Kapitel 16
Ach du Scheiße.« Ich wich zurück.
Van, ein nichtssagender, bleicher Mann, trat vor. Der unauffällige Eindruck verflog, als eine Woge magischer Macht uns überrollte. Verdammt. Der Kerl war stark. Camille schnappte nach Luft, und mir wurde klar, dass sie seine Energie noch viel mehr spürte als ich.
»Ist der übel?«, raunte ich ihr zu.
»Ja ... ganz übel.« Sie rückte dichter an mich heran.
Aus dieser Lage gab es kein glimpfliches Entkommen. Wir konnten uns jedenfalls nicht herausreden, was ihr zertrümmertes Labor anging, das stand fest. Ich ließ mein Stilett aus dem Ärmel vorschnellen und jammerte innerlich nach Lysanthra. Aber ich hatte schon gekämpft, ehe ich sie geführt hatte, und wenn es sein musste, auch mit bloßen Händen.
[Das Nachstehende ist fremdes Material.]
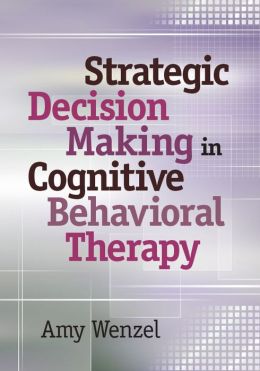 Strategic Decision Making in Cognitive Behavioral Therapy Amy Wenzel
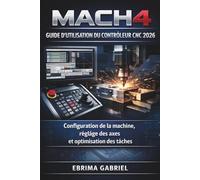 GUIDE D'UTILISATION DU CONTRÔLEUR CNC MACH4 2026: Configuration de la machine, réglage des axes et optimisation des tâches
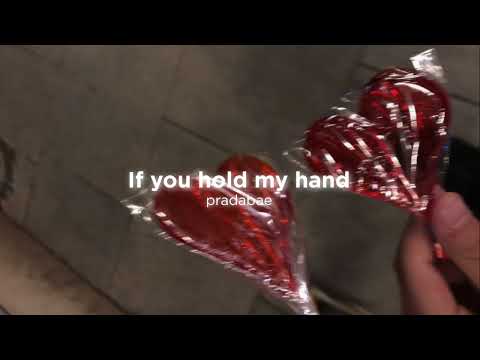 If you hold my hand (slowed down)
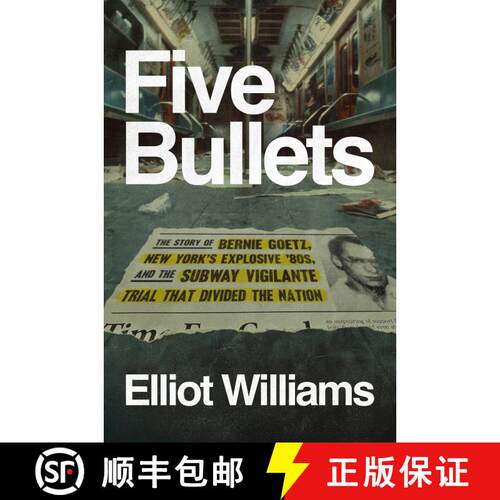 【3-4周达】精装 Five Bullets: The Story of Bernie Goetz, New York's Explosive '80s, and the Subway Vi... [9780593833704]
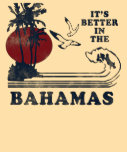 É melhor no t-shirt de Bahamas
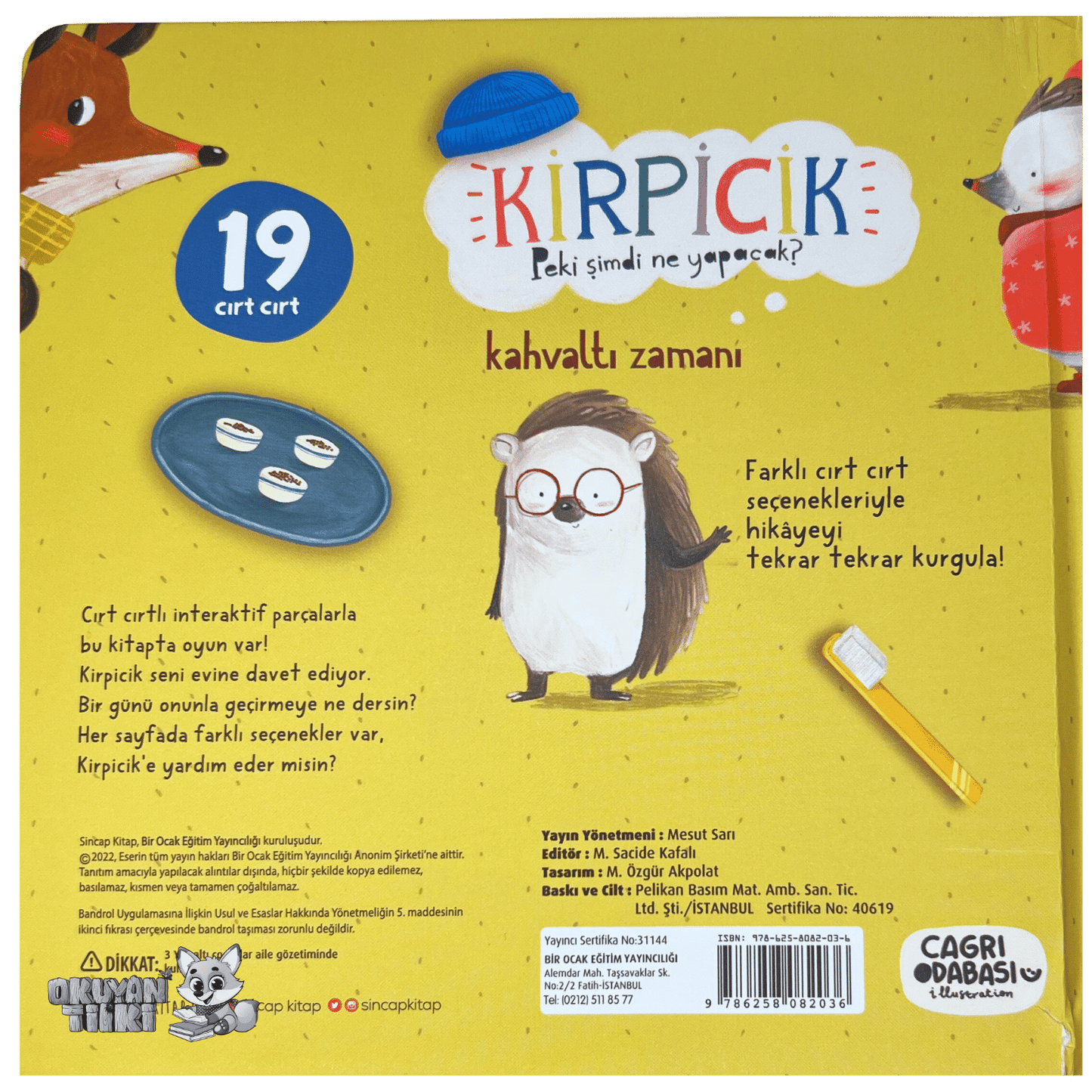Kirpicik Peki Şimdi Ne Yapacak? – Kahvaltı Zamanı (Cırt Cırtlı, 1+ Yaş) - Okuyan Tilki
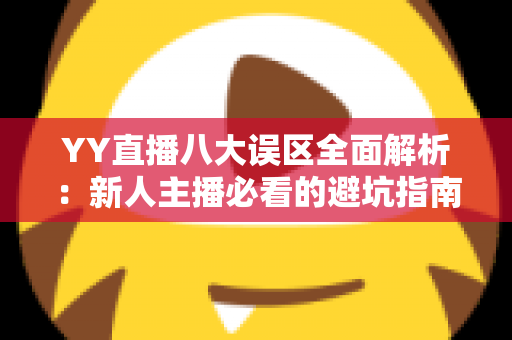 YY直播八大误区全面解析：新人主播必看的避坑指南与实战建议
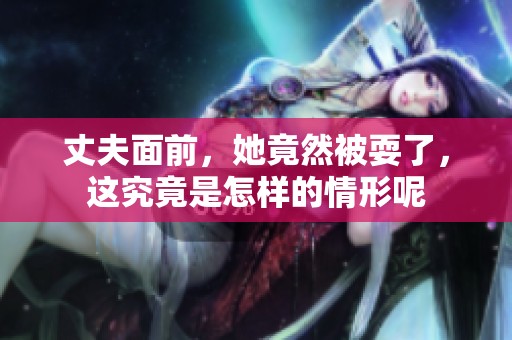 丈夫面前，她竟然被耍了，这究竟是怎样的情形呢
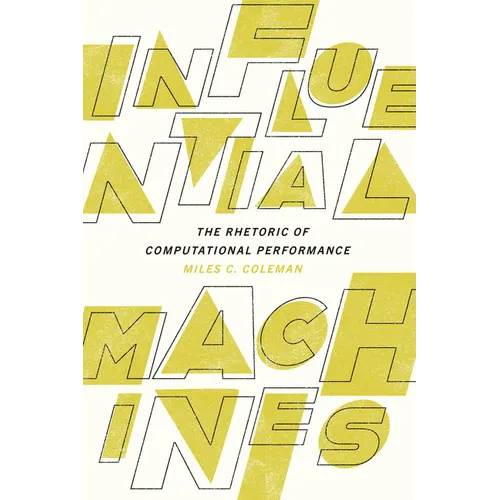 Influential Machines: The Rhetoric of Computational Performance
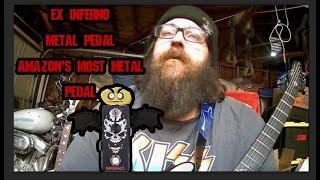 Ex Inferno Metal Pedal Is This The Most Heavy Budget Metal Pedal On Amazon?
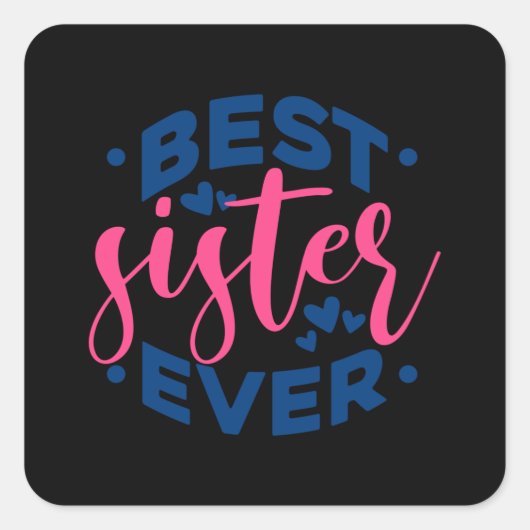 Sticker Carré Devis - Meilleure soeur - sombre (Devant)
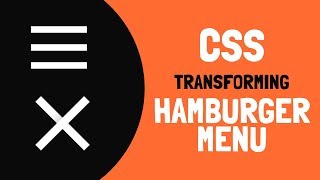 CSS Transforming Hamburger Menu - CSS Toggle Menu
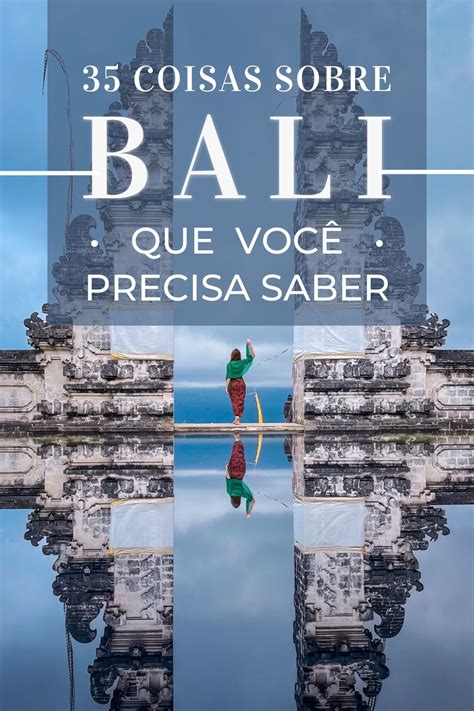 Dicas De Bali 35 Coisas Que Você Precisa Saber Antes De Ir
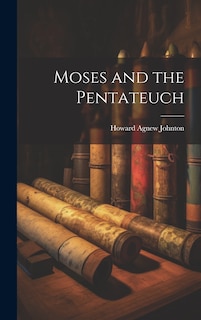 Front cover_Moses and the Pentateuch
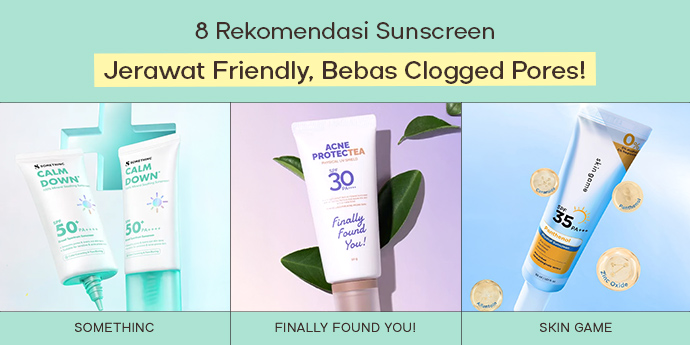 Rekomendasi 8 Sunscreen Jerawat Friendly, Bebas Clogged Pores!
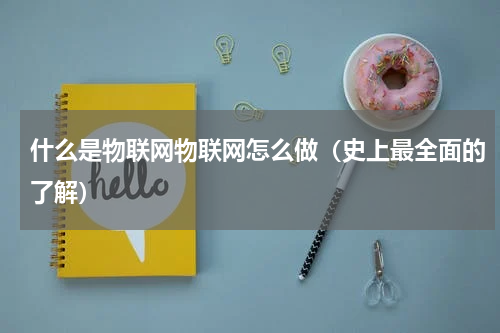 什么是物联网物联网怎么做（史上最全面的了解）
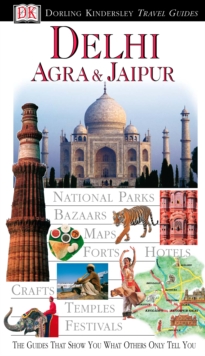 Delhi, Agra & Jaipur - Kindersley, Dorling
Camille holte tief Luft, und ich warf ihr einen Blick zu. Sie rief die Energie des Gewitters herab, das draußen gerade losbrach. Sie konnte nicht nur die Mondmutter beschwören, sondern auch Blitze. Sie hatte eine Schwäche für diese zackigen Energiestöße, und die Blitze wiederum hatten Camille ein bisschen zu gern.
Van hielt den Blick auf uns gerichtet und fragte Jaycee: »Was meinst du, wie viel wir für die beiden bekommen?«
Sie musterte uns von oben bis unten wie zwei Brathühnchen. »Zwei von den dreien? Mehr als wir erwarten würden, schätze ich, aber wir dürfen es nicht darauf ankommen lassen. Die Chefin soll doch nicht glauben, wir wollten nur den Preis in die Höhe treiben. Wenn sie auch nur den Verdacht hegt, wir würden sie übers Ohr hauen wollen, sind wir geliefert.«
»Wovon sprecht ihr?« Ich bewegte mich leicht, um genau die richtige Position zu finden. Es war offensichtlich, dass sie uns nicht erlauben würden, einfach davonzuspazieren.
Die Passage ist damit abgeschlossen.